> Task to complete:
The response should be an exact transcription of the data below, free of images.

> Material provided:
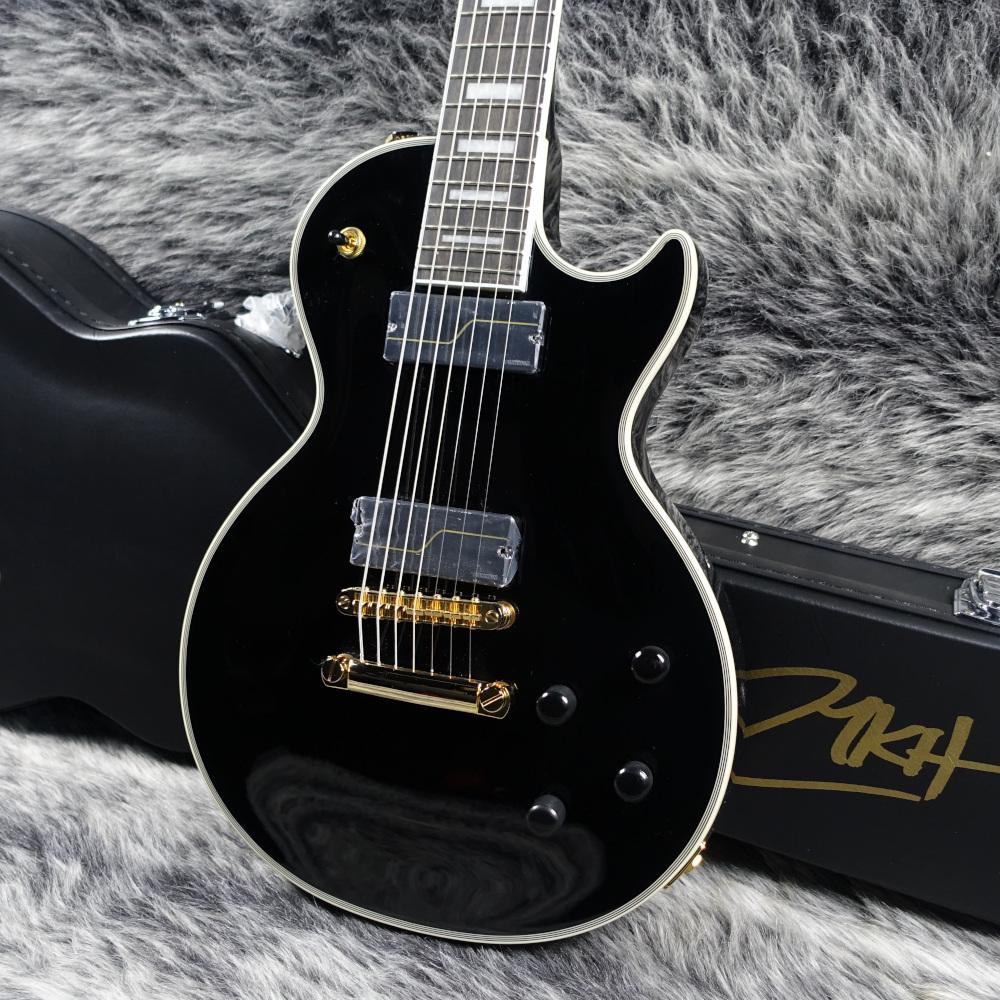 Epiphone Matt Heafy Les Paul Custom Origins Ebony <エピフォン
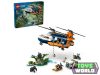 LEGO City 60437 Dzsungelkutató helikopter a bázison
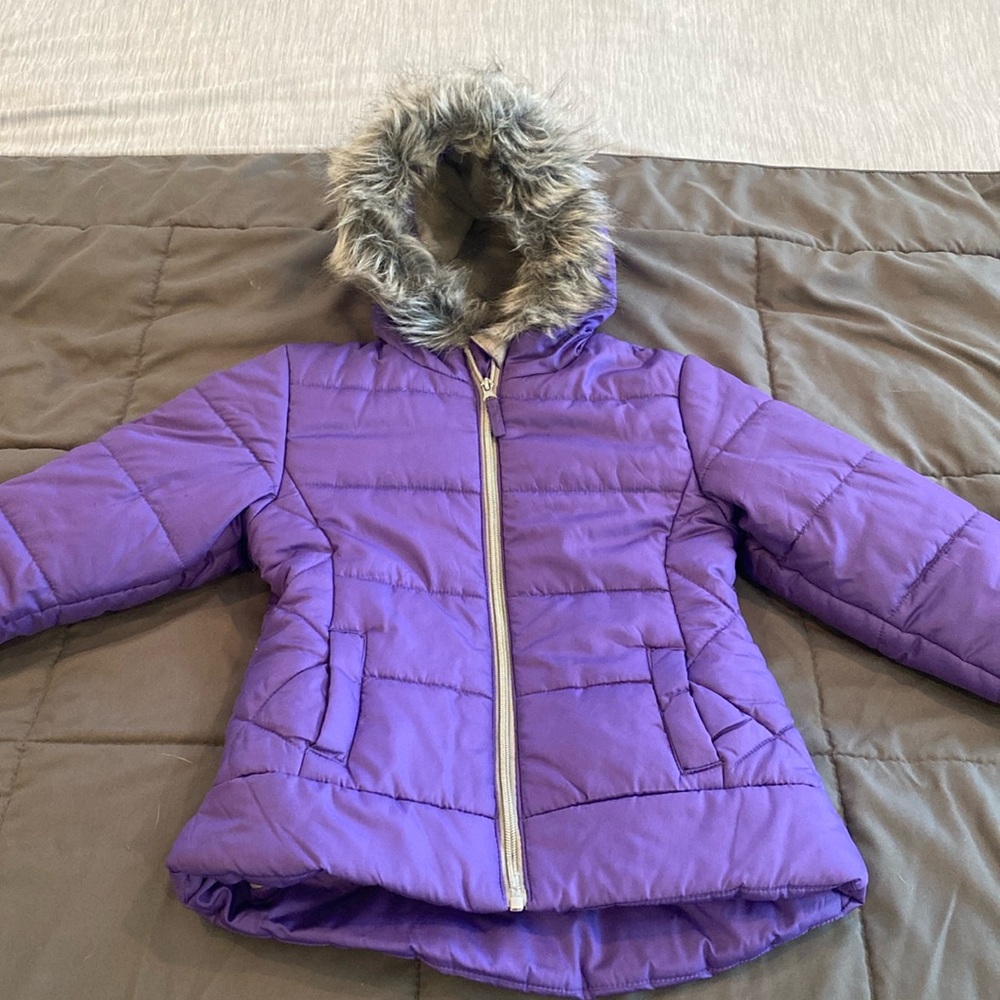 Girls 6X Puffer Jacket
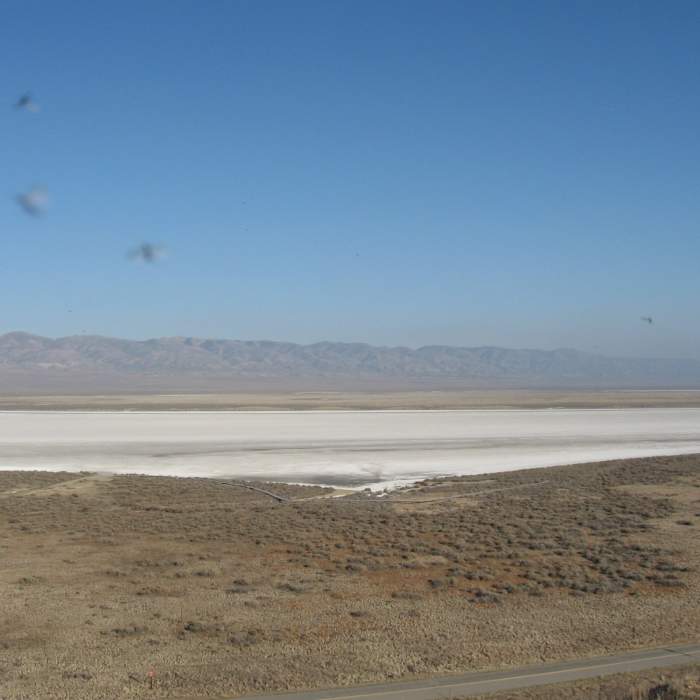 Near Soda Lake Overlook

> Response:
 Epiphone Matt Heafy Les Paul Custom Origins Ebony <エピフォン
 LEGO City 60437 Dzsungelkutató helikopter a bázison
 Girls 6X Puffer Jacket
 Near Soda Lake Overlook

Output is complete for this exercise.